Chuck Close: Prints, Process and Collaboration is an impressive and intriguing survey. Although audiences are familiar with Close’s supersized portrait paintings such as Bob, they may not be familiar with his prints. This exhibition highlights the importance of printmaking to the artist’s practice, exhibiting state proofs, plates and other process material along with the finished work. This allows the viewer to gain a fuller understanding of the different types of printmaking, as well as an insight into Close’s personality and how that manifests in his art practice. As Exhibition Curator Terrie Sultan, who has worked with Close on the exhibition for many years, explained:
‘Printmaking is very key to Chuck. It is a place for him to really experiment, and he has said many times that almost every innovation that he has experienced in a painting has come about as a direct result of something he learned from making a print. And the place where that is the most obvious is the first print that he ever made, which is the focus of one entire room in this exhibition, Keith/Mezzotint.’

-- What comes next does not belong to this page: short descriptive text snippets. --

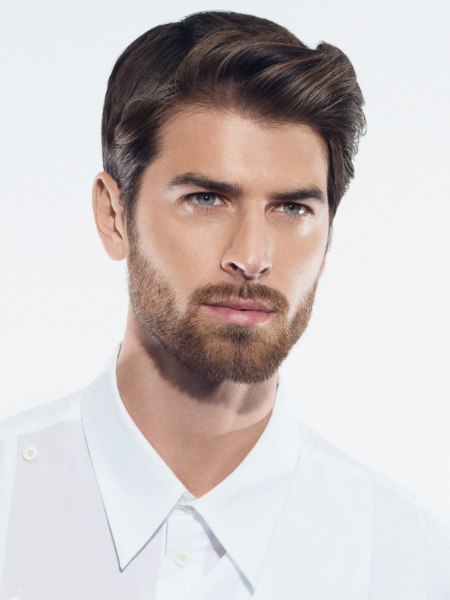 Men's hair with a smooth wave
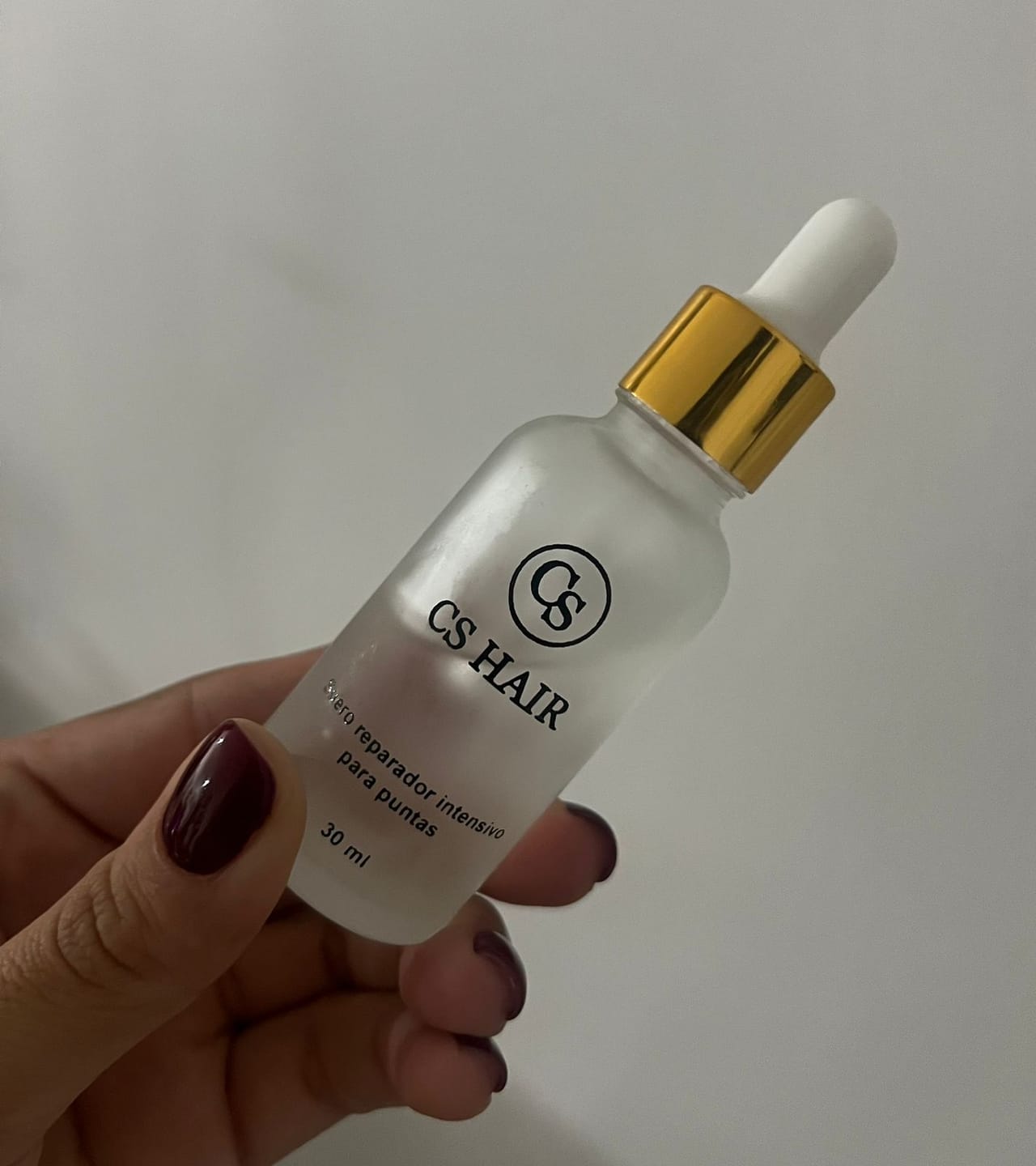 Customer photo review of Suero reparador intensivo para puntas y cabello dañado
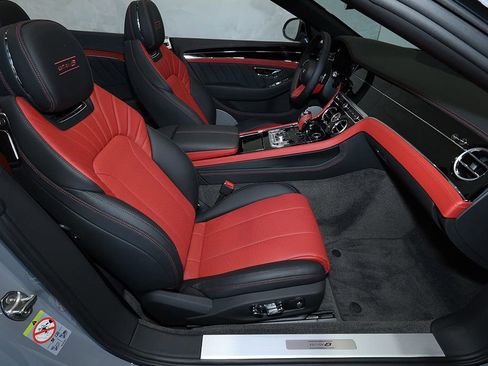 Used 2024 Bentley Continental GT V8 image 20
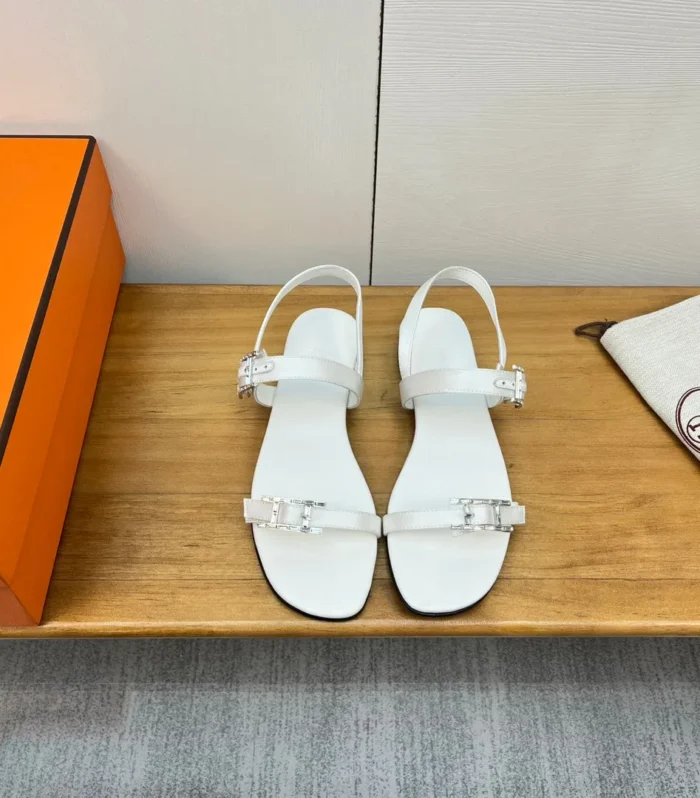BUCKLE SANDAL WHITE CALFSKIN
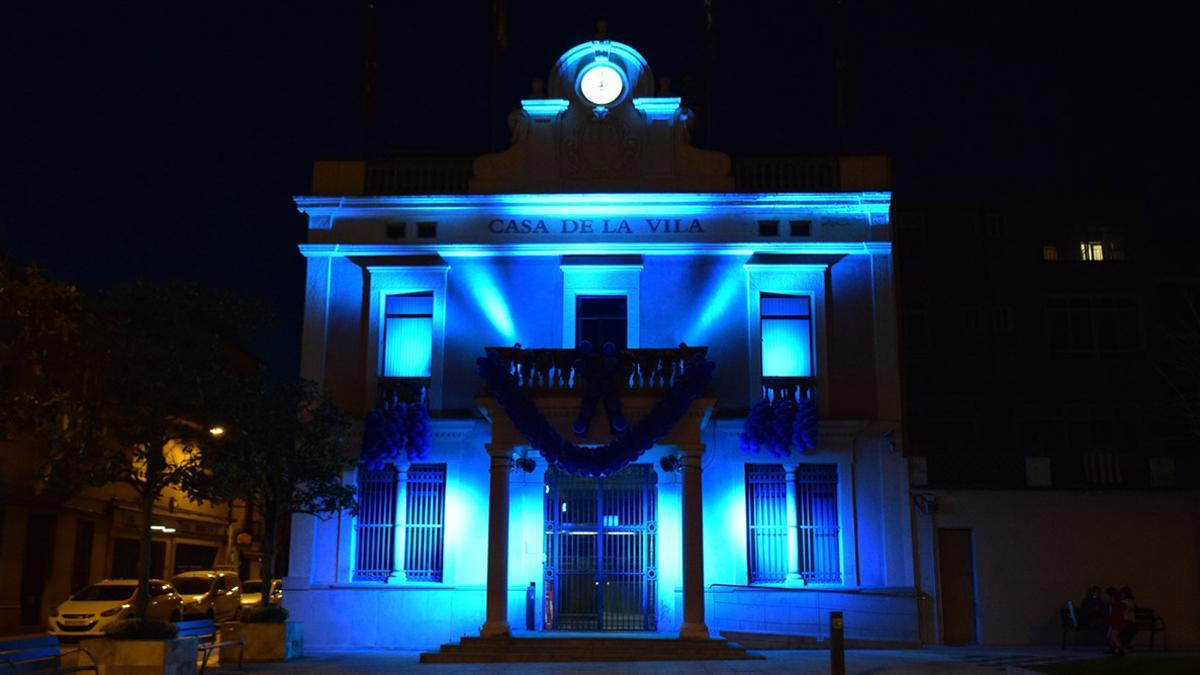 El Ayuntamiento de Rubí, teñido de azul.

Aside from Bob, Keith/Mezzotint is another of Australia’s significant contributions to the exhibition, also drawn from the collection of the NGA. Sultan enthused, ‘It just shows you how incredibly forward looking the directors and the curators here in Australia were in the 1970s, when people in America were not collecting Chuck’s works.’
Made in 1972, it represents the first time the artist tackled this particularly labour-intensive medium, as well as the first time Close ‘showed his hand’ in revealing the underlying grid structure that is now synonymous with his images. Like many of the developments in the artist’s practice, this revelation was an accident embraced by Close. As Sultan revealed:
‘In the process of making that print, the grid line that [Close] had always used in order to organise the composition [and] transfer information from the photograph to the painting, wore down from the plate because of the way a mezzotint is made. [So] when they started taking the proofs you could see the grid.
‘That was a huge revelation to him, [and] he said to himself, ‘henceforth, I’m going to show everybody why that grid is so important to me.’ So it was transformational to him in terms of how he went forward with his paintings after making that print. And it’s been true in almost every instance he has experimented with a print, that he has been able to take something that he has learned and used it in a painting.’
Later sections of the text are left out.